Deutsche Biedermänner auf der Suche nach den wirklichen Brandstiftern


Historiker werden bisweilen mit der unangenehmen Frage konfrontiert, warum sie Geschichte studiert haben. Im Grunde gibt es darauf zwei Antwortmöglichkeiten. Die Ehrliche lautet, dass das Studium Spaß macht, interessant ist und einen anerkannten akademischen Abschluss selbst denjenigen Abiturienten ermöglicht, die in Mathematik oder Physik keine Leuchte sind.


Es gibt aber auch die hochtrabende Antwortmöglichkeit, deren sich vor allem jene Historiker bedienen, die ihrem eifrigen Wälzen in verstaubten Akten einen höheren gesellschaftlichen Sinn zu verleihen versuchen: Die Erforschung der Geschichte soll dazu beitragen, dass die Menschheit aus Fehlern der Vergangenheit lernt.

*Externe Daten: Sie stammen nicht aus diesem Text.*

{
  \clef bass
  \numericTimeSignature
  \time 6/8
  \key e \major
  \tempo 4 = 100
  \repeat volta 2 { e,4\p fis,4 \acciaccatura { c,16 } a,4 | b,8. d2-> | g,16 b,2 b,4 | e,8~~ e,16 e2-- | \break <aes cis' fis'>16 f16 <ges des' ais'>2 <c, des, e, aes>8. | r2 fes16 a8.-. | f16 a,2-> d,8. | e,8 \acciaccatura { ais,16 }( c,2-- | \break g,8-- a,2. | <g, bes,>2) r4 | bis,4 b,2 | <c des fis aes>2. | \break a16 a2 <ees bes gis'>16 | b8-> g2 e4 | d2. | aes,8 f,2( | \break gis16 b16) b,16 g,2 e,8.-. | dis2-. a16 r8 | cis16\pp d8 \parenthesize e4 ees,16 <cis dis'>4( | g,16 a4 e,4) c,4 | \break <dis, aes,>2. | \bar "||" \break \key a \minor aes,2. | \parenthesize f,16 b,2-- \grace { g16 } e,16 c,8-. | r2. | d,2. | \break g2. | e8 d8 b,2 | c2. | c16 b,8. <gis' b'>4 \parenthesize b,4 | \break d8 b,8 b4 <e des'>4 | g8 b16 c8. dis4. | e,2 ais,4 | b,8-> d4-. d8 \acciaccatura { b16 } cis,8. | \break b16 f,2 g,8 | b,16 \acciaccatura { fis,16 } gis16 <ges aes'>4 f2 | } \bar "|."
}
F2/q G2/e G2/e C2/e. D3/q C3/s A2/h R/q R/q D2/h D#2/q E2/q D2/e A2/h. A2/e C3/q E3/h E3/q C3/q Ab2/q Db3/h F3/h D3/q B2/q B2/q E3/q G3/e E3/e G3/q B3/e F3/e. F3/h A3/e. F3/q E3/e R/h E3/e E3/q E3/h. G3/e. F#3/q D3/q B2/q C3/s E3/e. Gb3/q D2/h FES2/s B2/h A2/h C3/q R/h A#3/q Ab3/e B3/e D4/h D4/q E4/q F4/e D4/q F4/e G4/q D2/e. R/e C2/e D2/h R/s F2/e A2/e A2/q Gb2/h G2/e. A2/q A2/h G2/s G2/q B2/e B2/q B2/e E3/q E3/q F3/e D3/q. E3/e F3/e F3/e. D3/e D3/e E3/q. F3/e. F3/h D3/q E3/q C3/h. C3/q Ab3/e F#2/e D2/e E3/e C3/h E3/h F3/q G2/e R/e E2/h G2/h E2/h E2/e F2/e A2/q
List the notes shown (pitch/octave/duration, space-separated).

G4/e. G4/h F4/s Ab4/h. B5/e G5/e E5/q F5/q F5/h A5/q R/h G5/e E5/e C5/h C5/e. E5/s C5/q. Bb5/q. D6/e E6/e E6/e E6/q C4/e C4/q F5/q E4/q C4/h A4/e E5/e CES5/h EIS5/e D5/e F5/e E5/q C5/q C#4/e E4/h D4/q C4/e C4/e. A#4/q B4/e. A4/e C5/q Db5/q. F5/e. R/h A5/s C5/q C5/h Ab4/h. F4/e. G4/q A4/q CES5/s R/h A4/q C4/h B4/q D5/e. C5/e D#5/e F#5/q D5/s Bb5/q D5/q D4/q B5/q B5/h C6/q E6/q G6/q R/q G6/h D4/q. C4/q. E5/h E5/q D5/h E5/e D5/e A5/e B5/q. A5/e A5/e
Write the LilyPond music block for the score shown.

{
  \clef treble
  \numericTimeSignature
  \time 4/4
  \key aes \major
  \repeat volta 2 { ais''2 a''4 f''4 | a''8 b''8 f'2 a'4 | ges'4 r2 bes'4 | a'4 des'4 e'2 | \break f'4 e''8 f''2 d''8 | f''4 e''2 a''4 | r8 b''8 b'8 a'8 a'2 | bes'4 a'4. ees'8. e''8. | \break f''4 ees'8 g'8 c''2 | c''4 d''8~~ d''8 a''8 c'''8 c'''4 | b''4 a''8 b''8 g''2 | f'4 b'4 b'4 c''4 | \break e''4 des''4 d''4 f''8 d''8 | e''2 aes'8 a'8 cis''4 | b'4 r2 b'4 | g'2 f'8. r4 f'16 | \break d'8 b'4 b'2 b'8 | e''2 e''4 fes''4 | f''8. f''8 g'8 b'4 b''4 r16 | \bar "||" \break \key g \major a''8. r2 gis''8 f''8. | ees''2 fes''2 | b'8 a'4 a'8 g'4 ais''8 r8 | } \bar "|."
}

Vor allem für die Deutschen ist dieses Motiv nach den Gräueln des Nationalsozialismus fast zur Besessenheit geworden. Wohl kaum ein anderes Thema haben Historiker derart intensiv erforscht wie diese unseligen Jahre zwischen 1933 und 1945, als die Nationalsozialisten fast ganz Europa in Schutt und Asche legten und einen grauenvollen Völkermord an den Juden begingen. Die bahnbrechenden Erkenntnisse, welche die Wissenschaft über diese Zeit zutage förderte, erzeugten mit der Zeit einen kollektiven Schwur: „Nie wieder“ wollen und werden wir es zulassen, dass sich so etwas wiederholt!


Und: Haben wir Deutschen tatsächlich aus unserer Vergangenheit gelernt?


Wer sich die Reaktionen in Deutschland auf die Ereignisse der vergangenen Woche im Nahen Osten vergegenwärtigt, könnte erhebliche Zweifel bekommen. Nach dem Angriff der Hamas, bei dem zahllose Zivilisten auf grauenvolle Weise ermordet wurden, beeilten sich zwar viele Politiker, Israel ihrer „uneingeschränkten“ Solidarität zu versichern und den Schutz seiner Existenz zur „deutschen Staatsräson“ zu erklären; doch den wohlklingenden Worten folgten bislang allenfalls halbherzige Taten: Verbot von Organisationen, die hier seit vielen Jahren ihren Hass auf Juden und Israel ungeniert verbreiten? Vereinzelt. Selbstkritische Beleuchtung der Folgen der vielen Millionen Euro, die in den letzten Jahrzehnten für „humanitäre Hilfe“ in den Gazastreifen geflossen sind? Allenfalls in Ansätzen. Verhaftung und Abschiebung von Personen, die auf deutschen Straßen die Morde der Hamas feierten? Nicht bekannt. Einsicht in die Notwendigkeit, den weiteren Import solcher außenpolitischen Konflikte nach Deutschland zu stoppen? Nur in Worten.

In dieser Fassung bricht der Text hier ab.